Renaissance science – XLIV

This blog post is a modified version of two blog posts from my The emergence of modern astronomy–a complex mosaic series and yes it involves self plagiarism. I wrote it, rather than simply linking, because the content also belongs in this blog post series, which I wish to be complete and autonomous

Short popular presentations of the history of the origins of modern physics usually consist of three sections. In ancient Greece, Aristotle got almost everything wrong. In the Middle Ages, people clung religiously to Aristotle’s wrong theories. Then came Galileo and everything was light! A somewhat, sarcastic exaggeration but pretty close to the truth of what people like to believe and believe is the right verb because it bears little relation to what actually happened. You will note in my little parody that there is no mention of the Renaissance. This is because it just gets subsumed into the amorphous Middle Ages in this version of history. Galileo is always presented as a sort of messiah single handily casting a shining light into the dark reaches of medieval Aristotelianism and bringing forth, in a sort of virgin, birth modern physics. 

In reality, whilst the considerations of what became modern physics are based on the concepts of Aristotle, there were major developments between the fourth century BCE and the early seventeenth century, especially during the Renaissance, changes of which Galileo was well aware and on which he built his, not always correct, contributions. In what follows I’m going to briefly outline the evolution of the theories of motion from Aristotle down to the seventeenth century; the theories of motion that then emerged being the bedrock on which Isaac Newton constructed his physics.

When talking of the history of physics it is important to note that what Aristotle meant with the term, one that he coined, is very different to the modern meaning, one that only began to emerge in the eighteenth century. For Aristotle his ta physika literally means “the natural things” and his physics means the study of all of nature, a study that is also non-mathematical. For Aristotle the objects of mathematics do not describe anything real, so mathematics can not be used to describe the real world. He does allow the use of mathematics in the so-called mixed sciences–astronomy, optics, harmonics (music or more accurately acoustics)–all of which we would include, at least in part, in a general definition of physics but for Aristotle were not part of his ta physika.

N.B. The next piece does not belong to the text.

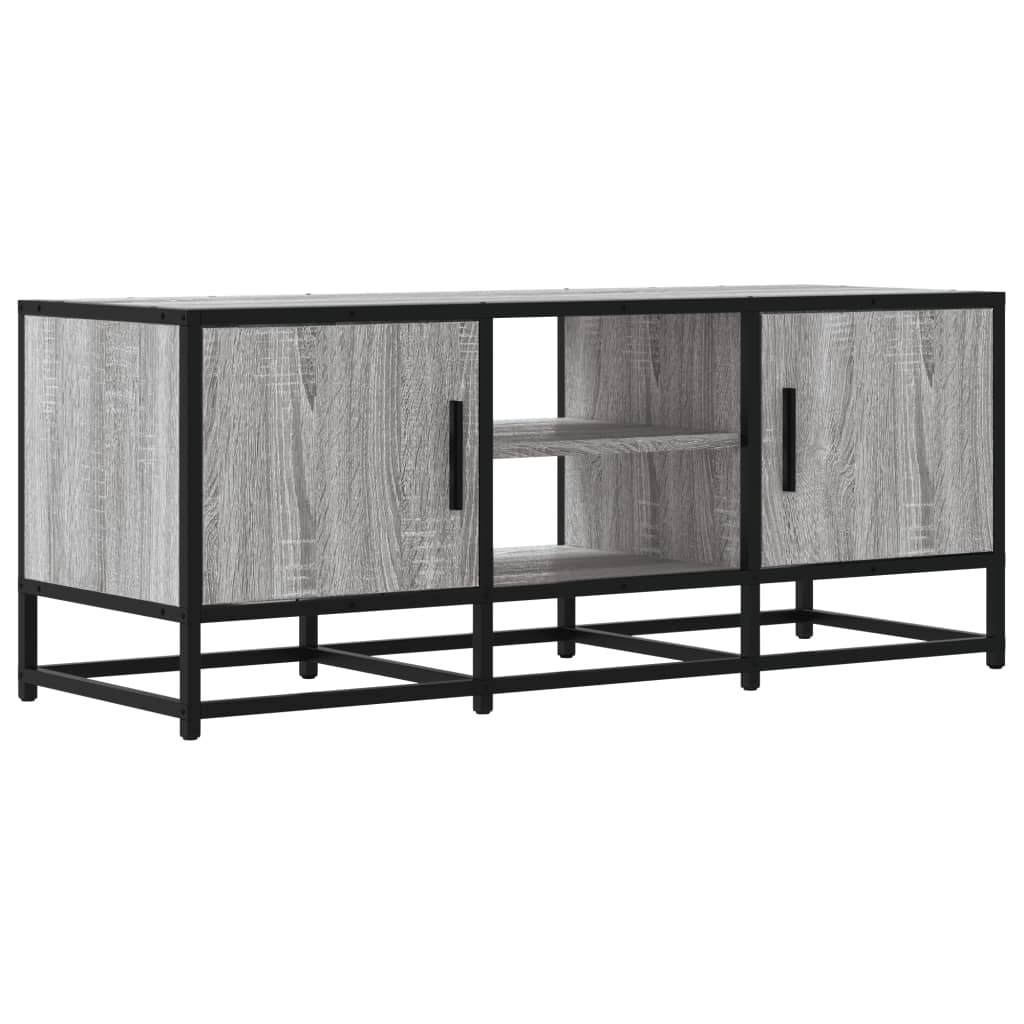 Mobile TV Grigio Sonoma 100x35x41 cm Legno Multistrato Metallo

Central to Aristotle’s theory of nature was the establishment of the general principle of change that governs all natural bodies. For Aristotle motion is quite simply change of place. Aristotle complicates this simple picture in that he differentiates between celestial and terrestrial motion and between natural and violent or unnatural motion. 

Simplest is his description of natural celestial motion, which is uniform circular motion, a concept that he inherited from Empedocles (c. 494 – c. 434 BCE, fl. 444–443 BCE) via his teacher Plato (c.425 BCE – 348/347 BCE). There is no violent or unnatural celestial motion. Aristotle’s theory of celestial motion is cosmology not astronomy and therefore not mathematical. The attempts to describe that motion mathematically are astronomical and thus not part of Aristotle’s physics.

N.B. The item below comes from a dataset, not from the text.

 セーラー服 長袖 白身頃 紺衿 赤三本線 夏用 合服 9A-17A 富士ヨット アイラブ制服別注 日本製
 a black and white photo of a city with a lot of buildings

Unlike celestial motion, both natural and violent terrestrial motion exist. For Aristotle, natural terrestrial motion is always perpendicular to the Earth’s surface and is the result of the four elements-earth, water, air, fire (another concept inherited from Empedocles)–striving to return to the natural places. So, the light elements–air and fire–travel upwards away from the Earth’s surface and the heavy elements–water and earth–fall downwards towards the Earth’s surface. In Latin this indication of heaviness is termed gravitas, object consisting principally of earth and/or water have gravitas and so they fall downwards.

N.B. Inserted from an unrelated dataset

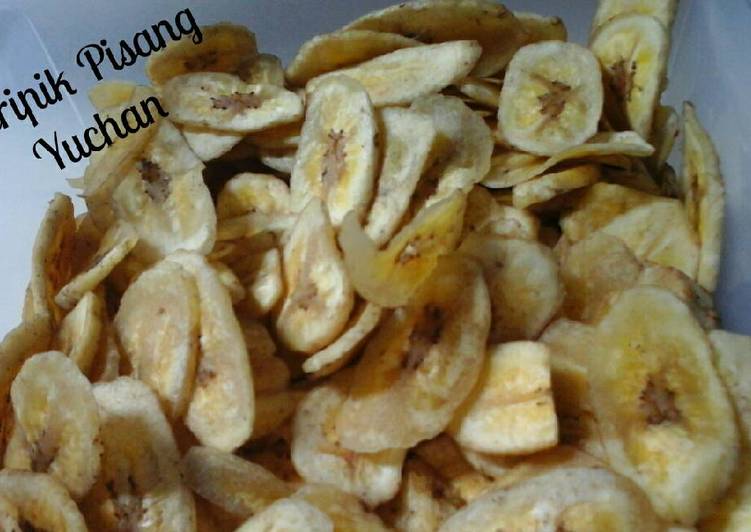 gambar untuk resep makanan Keripik Pisang Rasa Original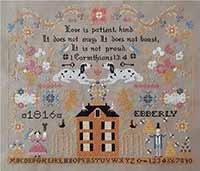 Ebbery 1816  Sampler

Violent terrestrial motion is any motion that is not natural motion and must be brought about by the application of force. Simplified for something to move, other than falling, it has to be pulled or pushed. For Aristotle, the only contactless motion is the fall of water and earth due to gravitas and the rise of air and fire to their natural place in the world, all other motion requires contact between the object being moved and whoever or whatever is doing the moving. As with much of Aristotle’s philosophy these concepts are based on empirical observation of the real world and are not so wrong, as they are often painted. Aristotle does not have a quantitative law of fall, but he asserts that objects fall at speed proportion to their weight and inversely proportional to the density of the fluid they are falling through. This is often contrasted with Galileo’s “correct” law of fall that all objects fall at the same speed, but Galileo’s law is only valid for a vacuum. 

Source: Wikimedia Commons

Aristotle has major problems with projectile motion. If you throw a ball or shoot and arrow, then according to Aristotle, as soon as the ball leaves your hand or the arrow the bowstring then it should immediately stop moving and fall to the ground, which it very obviously doesn’t. He got round the problem by claiming that the projectile parts the air as it flies, which then rushed round to the back of the object to prevent a vacuum forming and pushes the projectile forwards. An explanation that people found difficult to swallow and I suspect that even Aristotle found it less than satisfactory.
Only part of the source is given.